Max Davidson reports on a golden new dawn for one of the world's most beautiful islands

English?' asks the wizened old man selling bananas on a street corner in Galle. Well, it's a safe bet. My lobster-pink face has Home Counties written all over it. Ditto my baggy shorts.

Sri Lanka is often one of England's opponents on the cricket pitch and, every few years, the Barmy Army descends on this beautiful colonial port on the south-western tip of the island.

Other foreign visitors have been more wary, not surprisingly put off by the long civil war, which concluded in 2009. And the 2004 tsunami that devastated Galle was shocking. But better times have arrived.

The country is once again very accessible, with a range of airlines offering great fares, and visitors taking an early opportunity to visit have discovered one of the world's most beautiful islands, a lush landscape topped by densely wooded mountains ringed by white sandy beaches.

Probably the first thing that strikes you is the sheer richness of the vegetation. In rural areas, it is thrillingly green. There is hardly a bare patch of ground as fruit and flowers of every description, from mangoes to orchids, pineapples to tea roses, papayas to camellias, burst out of the soil.

There are meant to be more than 20 varieties of banana in Sri Lanka, and my stall-holder friend in Galle seems to stock most of them, judging by the rich palette of colours on display, from lurid yellow to dainty pink. I buy one of the smaller ones and, as I sink my teeth into the sweet flesh, let out a little purr of pleasure.

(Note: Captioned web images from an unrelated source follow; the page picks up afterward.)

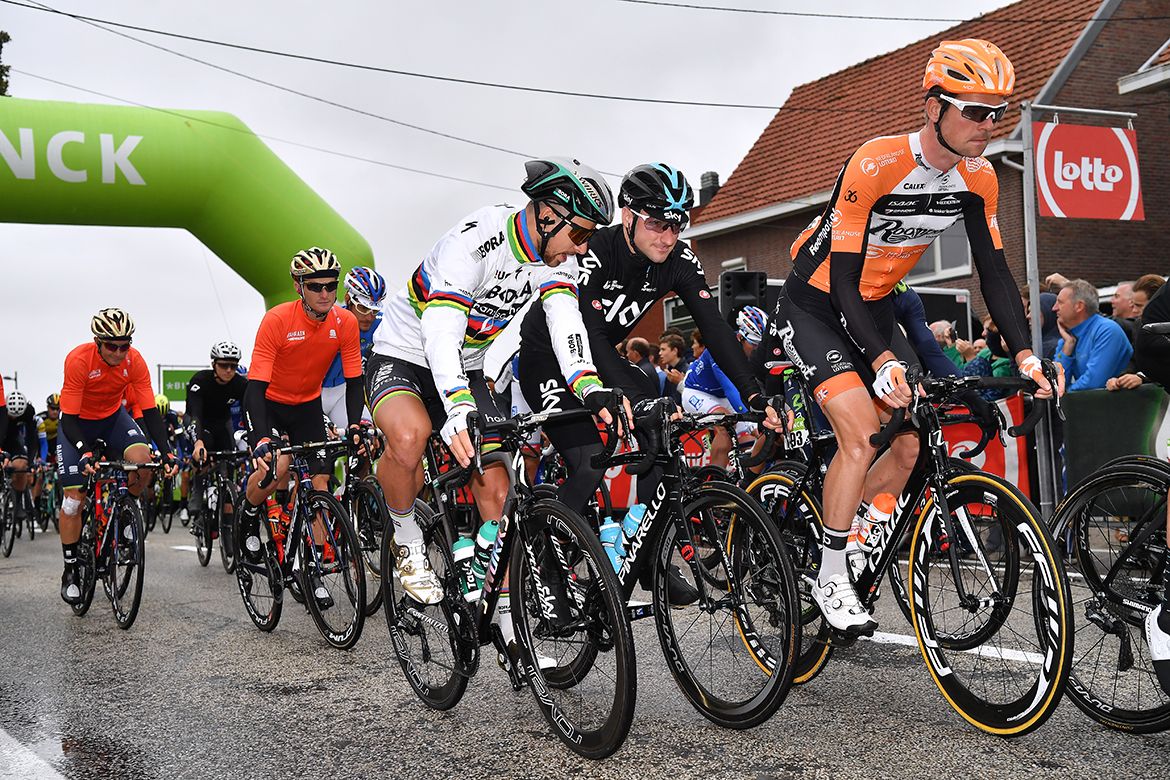 Peter Sagan chats to Elia Viviani as the riders roll out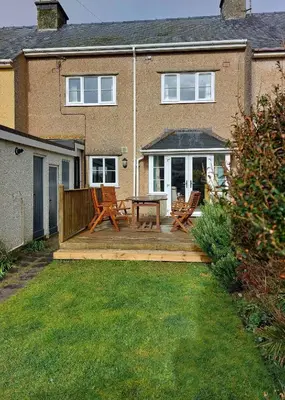 a wooden deck with a table and chairs in front of a house at Garreg Wen - White Stone, family holiday home in Barmouth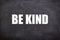 Be kind white text and quotes with blackboard background.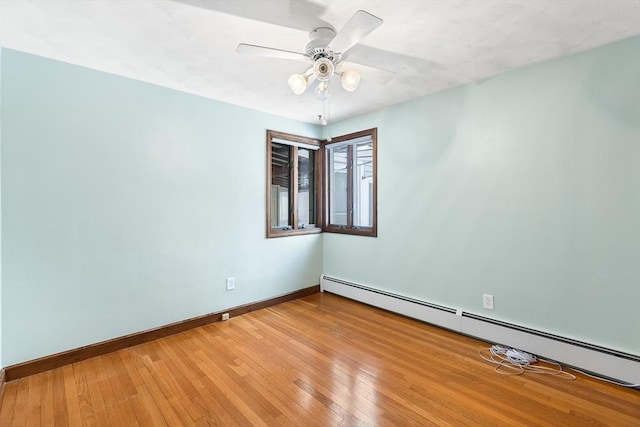 empty room featuring ceiling fan, wood-type flooring, and a baseboard heating unit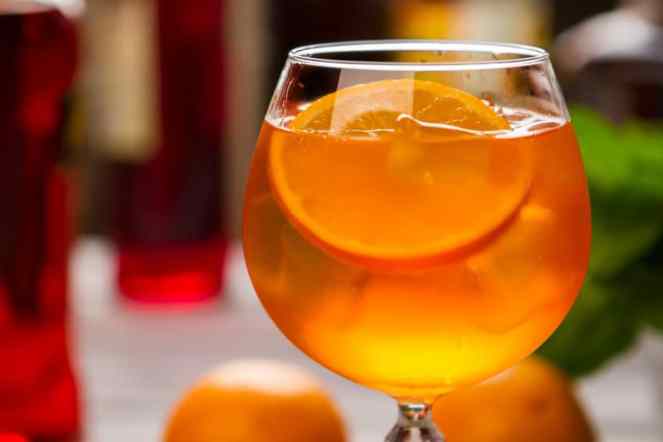 Orange drink in wineglass.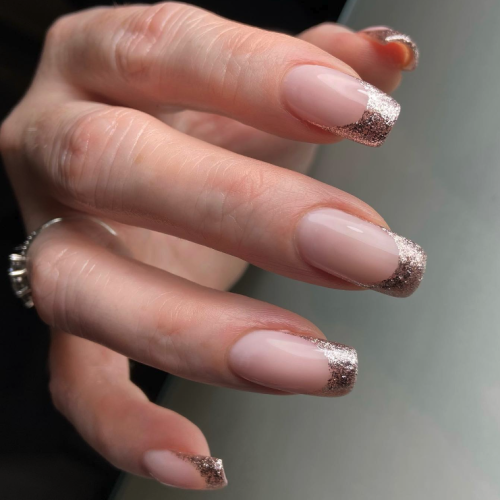 long square shaped nails with a pink base and glitter tips.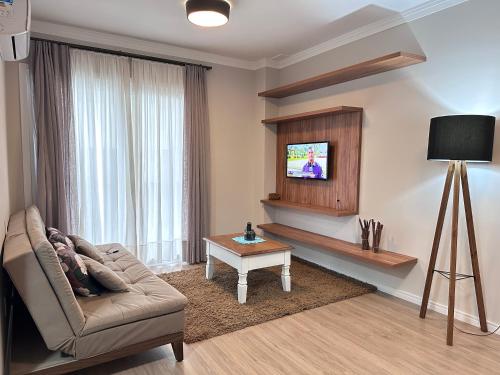 a living room with a couch and a table at Apartamento acolhedor ideal para um casal in Canela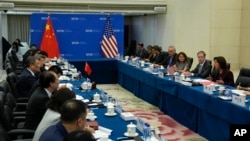 U.S. Commerce Secretary Gina Raimondo, right, speaks during a meeting with her Chinese counterpart Wang Wentao, left, at the Ministry of Commerce in Beijing, Aug. 28, 2023.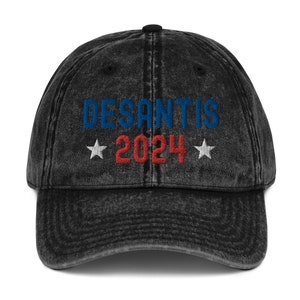 Puede incluir: Una gorra de béisbol negra de estilo vintage con el texto "DESANTIS 2024" bordado en azul, rojo y blanco.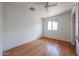 Bright bedroom featuring wood floors, a ceiling fan, and a window offering natural light at 1614 S 6Th Ave, Phoenix, AZ 85003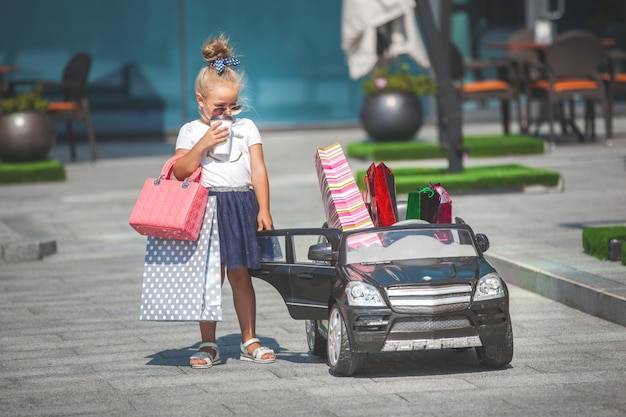 Hübsches kleines Mädchen mit Einkaufstüten in einem Minicar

'Good?' he asks with a gap-toothed grin. 'Magnificent,' I reply.


The Golden Temple of Dambulla, the best-preserved cave temple complex in Sri Lanka


Galle, 75 miles from the capital of Colombo, was colonised by the Dutch and the old Dutch fort that dominates the town is now a lovingly maintained conservation area.

The ghosts of the past are all around as you stroll through the narrow streets past 18th-century churches, dusty libraries and gnarled old banyan trees that look as if they have been there since the dawn of time.

Its cricket ground, the Galle International Stadium, is considered to be one of the most picturesque in the world. It was severely damaged by the tsunami but was rebuilt - with considerable funding from Melbourne, Australia - and test matches resumed there in 2007.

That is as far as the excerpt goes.